Flowers deep in the fossil record are just as advanced as flowers today.

Flowers preserved in amber from Myanmar (aka Burma) are not only breathtakingly beautiful but also demonstrate that Cretaceous complexity was the norm for flowering plants. Darwin considered such fossilized floral complexity and biodiversity to be an “abominable mystery” for evolution.1

These tiny Burmese blossoms—only a millimeter (about 3 hundredths of an inch) in diameter—were frozen in time by tree sap. “Here you have a hundred-million-year-old flower that looks like it was blooming last week,”2 says George Poinar, Jr., lead author of the report published in Journal of the Botanical Research Institute of Texas.

Floral Complexity

Not only do the amber-encased fossil flowers reveal fragile details of floral reproductive anatomy, the abundant flowers display different stages of their life cycle. “Here we have 18 flowers on one sprig,” says Poinar. “That number of flowers has never been seen before in a Cretaceous [flowering plant].”3 Looking forward to further study of the plants’ maturation process, Poinar adds, “Here’s something which hasn’t been seen before, and it doesn’t fit anything we know of today.”4

Though missing their petals, the flowers are so anatomically detailed that it is apparent Cretaceous angiosperms—conventionally dated as living 100 million years ago and found in a layer of the fossil record largely dominated by non-flowering plants—are unchanged in their anatomical complexity and method of reproduction compared to what we see today.

amber-flower
pollen-tube

These tiny flowers preserved in Cretaceous amber from Myanmar reproduced just like flowers do today. Amber from Myanmar preserves many insects as well as these flowers, complete with their modern-like complexity. On the right are pollen tubes that were in the process of delivering the flower’s male gametes to fertilize the next generation when these tiny blossoms were coated in Cretaceous tree sap. Image: Oregon State University through Nature World News.

“The evolution of flowering plants caused an enormous change in the biodiversity of life on Earth, especially in the tropics and subtropics,” says Poinar. “New associations between these small flowering plants and various types of insects and other animal life resulted in the successful distribution and evolution of these plants through most of the world today. It’s interesting that the mechanisms for reproduction that are still with us today had already been established some 100 million years ago.”

There is no indication that the delicate-appearing Cretaceous flowers—dubbed Micropetasos burmensis—from the Hukawng Valley amber mine are primitive or in any way “less-evolved” than modern flowers. They bear similarities to several types of modern flowers, but they do not match any particular genus perfectly. Therefore, the researchers are not speculating about how these flowers are related to any particular sort of modern flower.
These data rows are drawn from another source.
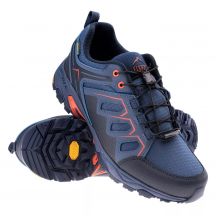 Elbrus Euren Low Wp VM Schuhe 92800490693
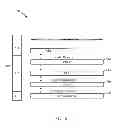 Fig. 06 - Methods and apparatus for providing multi-antenna enhancements using multiple processing units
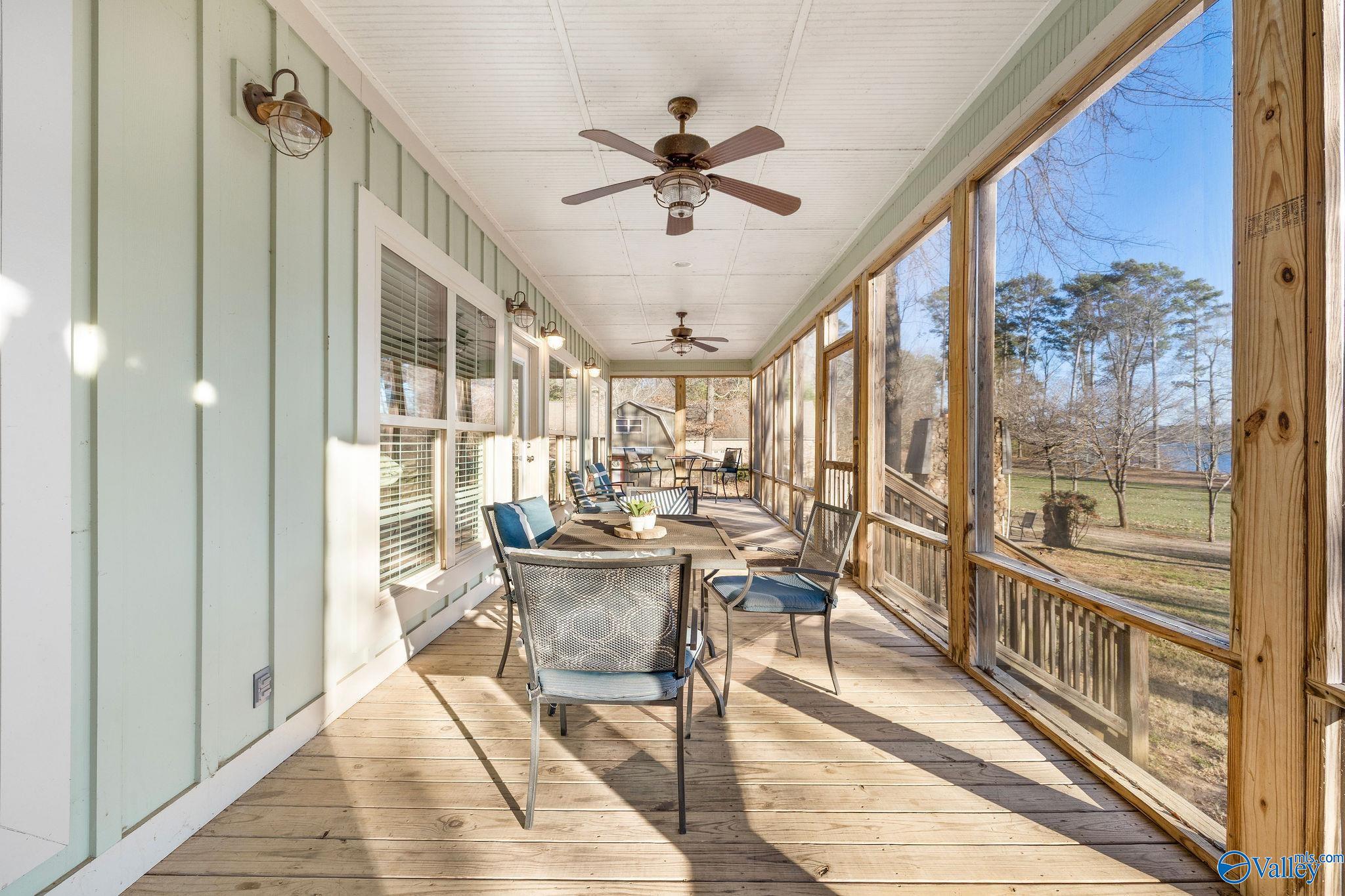 1442 Holiday Shores Road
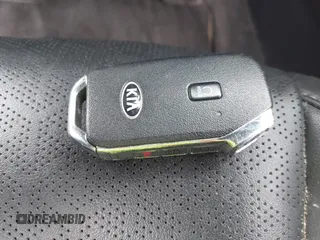 2021 Kia Sorento EX z VIN 5XYRHDLF6MG063000, wystawiony jako IAAI lot #42136316 z przebiegiem 53 815 mil mil oraz . Historia ofert i sprzedaży dostępna na DreamBid. Obrazek 11.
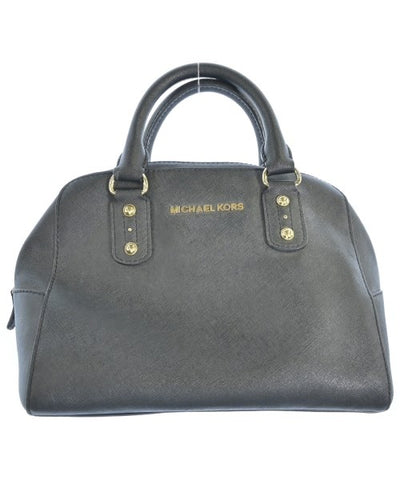 MICHAEL MICHAEL KORS Duffle bags/Weekender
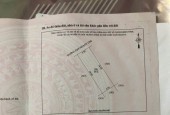 Bán nhà 46m2 ngõ Ngô Đức Kế, trung tâm thành phố. Gần Big C, chợ Vinh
“In Cretaceous flowers we've never before seen a fossil that shows the pollen tube actually entering the stigma,” explains Poinar, in reference to the flower caught in the very act of reproducing after its kind. Angiosperm pollen, which contains male gametes, ordinarily sends out a pollen tube to transport the gametes to the stigma of the flower. Based on this flower preserved in amber, the process has not changed over the years. “This is the beauty of amber fossils,” Poinar says. “They are preserved so rapidly after entering the resin that structures such as pollen grains and tubes can be detected with a microscope.”

Flowers From The First

Because flowers are fragile they are not normally preserved as nicely in the fossil record as we would like. The presence of angiosperm pollen in Lower Cretaceous sedimentary rock has, however, long been an indicator of the presence of flowering plants at the time that sediment was laid down. Recent discoveries have extended the fossil evidence of angiosperm pollen down to Middle Triassic rock layers, pushing back the evolutionary date assigned to flower evolution yet another 100 million years.
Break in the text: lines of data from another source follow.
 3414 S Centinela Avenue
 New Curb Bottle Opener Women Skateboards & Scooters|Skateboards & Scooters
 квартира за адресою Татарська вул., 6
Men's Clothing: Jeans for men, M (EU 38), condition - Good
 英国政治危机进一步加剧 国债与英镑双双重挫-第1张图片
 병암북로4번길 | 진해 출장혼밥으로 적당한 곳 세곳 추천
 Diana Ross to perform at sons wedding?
Burmese amber has been a popular commodity since AD 100 when it began to be mined and traded with China. Around 1896 the insects preserved in the amber attracted attention. Like the amber mined in the past two millennia, the amber from the new mine in Myanmar’s Hukawng Valley, opened in 2001, is rich in insects. Insects in amber from this mine include a species of grasshopper known only from the Permian to Cretaceous fossil layers, which supports the assignment of the amber to the Lower to Mid-Cretaceous strata. The millions-of-years interpretation of the age of the amber’s strata, however, is based on worldview-based unverifiable interpretation of radiometric U-Pb analysis of nearby zircon crystals as well as the presumption that pollen and other fossils from the same region are around 100 million years old.

Darwin’s “Abominable Mystery”

These “primitive” flowers are not primitive at all. They are just as complex as modern flowers and seem to reproduce the same way.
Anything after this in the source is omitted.